Return only this: the line with "Igiene Intima Lenitivo Idratante 250 ml" and all the lines that follow it below, through the final one, exactly as they are.

*** Opening DATA FOR THIS TASK ***

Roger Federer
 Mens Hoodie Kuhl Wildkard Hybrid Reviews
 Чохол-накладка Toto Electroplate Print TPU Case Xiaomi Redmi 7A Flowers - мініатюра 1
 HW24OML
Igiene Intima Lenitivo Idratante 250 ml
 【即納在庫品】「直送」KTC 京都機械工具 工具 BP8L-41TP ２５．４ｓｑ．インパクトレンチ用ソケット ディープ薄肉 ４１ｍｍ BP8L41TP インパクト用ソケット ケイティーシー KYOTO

*** Closing DATA FOR THIS TASK ***

FINAL ANSWER:
Igiene Intima Lenitivo Idratante 250 ml
 【即納在庫品】「直送」KTC 京都機械工具 工具 BP8L-41TP ２５．４ｓｑ．インパクトレンチ用ソケット ディープ薄肉 ４１ｍｍ BP8L41TP インパクト用ソケット ケイティーシー KYOTO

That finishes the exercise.